Kummel is a herbal liqueur flavoured with caraway seeds, cumin, fennel, orris and other herbs. The origins of this liqueur's name lie in the generic names for the key spices with which it is flavoured. In German, caraway seed is called Kümmel while cumin is Kreuzkümmel.
Although kummel's origins are thought to be Dutch, Russia is now the largest producer and consumer of kummel. It also remains popular in Germany, particularly Berlin.
History of kummel
The Bols family claim to have produced the first kummel liqueur, dating back to the Netherlands in 1575. It's said that Peter the Great was living under a false identity in the Netherlands in 1696, to gain shipbuilding knowledge, and having tasted kummel in 1696, visited the Bols distillery to see how it was made. It made such an impression that when he returned to Russia, Peter the Great introduced the liqueur to his court.
Although, in recent years, having fallen out of favour among bars, bartenders and the like, kummel was indeed once a well-liked and appreciated liqueur. Mentzendorff Kummel received widespread interest in Britain in 1851 having travelled from Riga. It was only a matter of time before the liqueur found its way into cocktail recipes, cocktail books and the USA.
E A Simmons considers kummel in 1874's The American Bar-Tender as, "the favorite liqueur of Russia; the best is made at Weissenchein, in Esthonia."
Later, in William Schmidt's 1892 The Flowing Bowl: When and What to Drink, a recipe for kümmel appeared: "Fill three quarts of cognac or kirschwasser, six ounces of broken caraway, and two-fifths of an ounce of star anise into a glass bottle, close it with a bladder, and place it in a pot partly filled with cold water; now heat this, and let boil for half an hour; take the pot from the fire, and let the bottle get cool in the water, then sweeten the liquor with two pounds of refined sugar; filter, bottle and cork well."

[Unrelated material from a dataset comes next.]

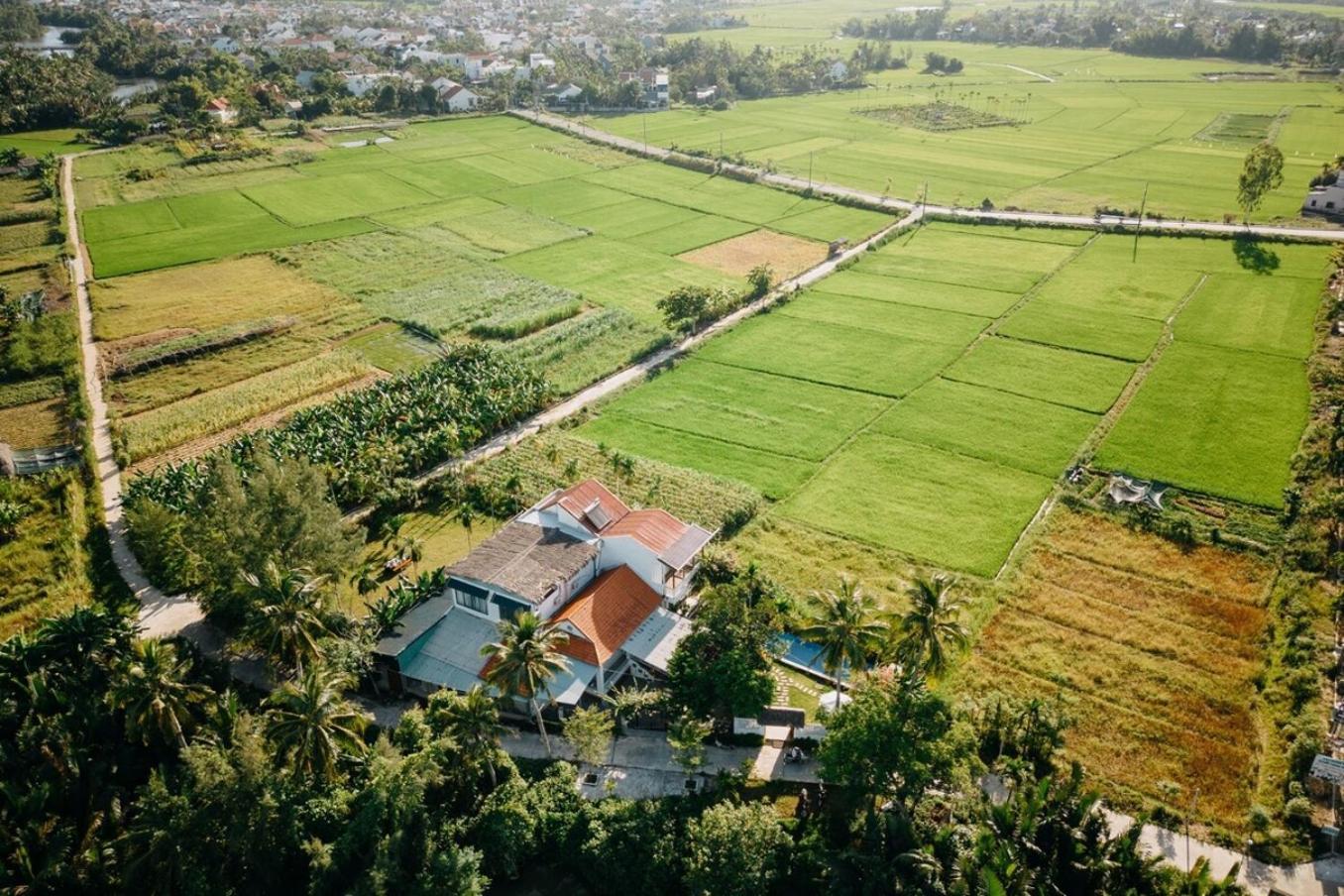 Bong Villa Hoi An - Vesta Collections Eksteriør bilde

In the 1931 Old Waldorf Bar Days , Albert Stevens Crockett describes the liqueur as, "Kümmel or Kimmel - a liquor made generally from highly rectified alcohol, flavoured with cumin (a plant of the parsley family) and caraway seeds. Before the War it was manufactured chiefly at Riga, Russia."
J A Grohusko notes in the 1933 Jack's Manual, "The foundation of kummel is caraway seed, and its dietetic properties are somewhat similar to those of anisette. It is invaluable for indigestion or dyspepsia. In Russia, where it is known as Alish, it is used extensively as an after-dinner cordial."
Interestingly, in Elixirs with Crack Ice (Esquire October 1941), Lawton Mackall explored kummel, noting: "This liqueur gets its aromatic keynote from cumin seed which hark back to ancient Syria and Egypt where they were first found and adopted by man; in Europe they have been cultivated since the dawn of dyspepsia as toner-uppers and digestion smoothers...whether or not we swallow the Dutch claim that it was they who first perfected and polished off Kummel teaching the taste for it to Peter the Great when he came to Holland to learn shipbuilding, the fact remains that the Low Countries were hotbeds of cordialry of the most lush and lavish sorts, and the Russian Empire founded by large-sized pupil Peter was steeped to the steppes in his pet liqueur. Thenceforth if Vodka was the water of the Slavs, Kummel was their milk."
In his 1939 The Gentleman's Companion, Charles H Baker wrote of kummel, "A white pungent liqueur made from cumin and caraway seeds, with the latter taste dominant. A great favourite with the Russians of royal days as most of it was made in Riga, pre-Soviet. Now Germany produces most of it...Like anis and anisette, kümmel is a great stomachic, relieves pains, collywobbles, aids for digestion, and is specified in enough cocktails that it should be on the shelf of every average bar. Swans, bears, and what-not, determine the shape of the bottles, and those with sugar precipitated on the bottom are held to be best - one brand having a sugar-frosted sprig of edelweiss in the swan's neck."
Of its characteristics, the 1955 UKBG Guide to Drinks describes kummel as, "One of the most popular of all Liqueurs with definite digestive properties. It has been made in Holland since 1595, but Kummel from Riga, and Gilka Kummel from Berlin, used to be even more universally popular than the Dutch Kummel. Kummel has in its basis some highly distilled or almost neutral spirit, sometimes distilled from grain, sometimes from potatoes rarely if ever from wine. It is flavoured with caraway seeds and cumin, to which it owes its digestive qualities."
From the late 1800s right through to the 1960s, kummel was acclaimed for its herbaceous and digestive properties. Kummel was particularly popular in Britain where its success was thanks in great part to Mentzendorff.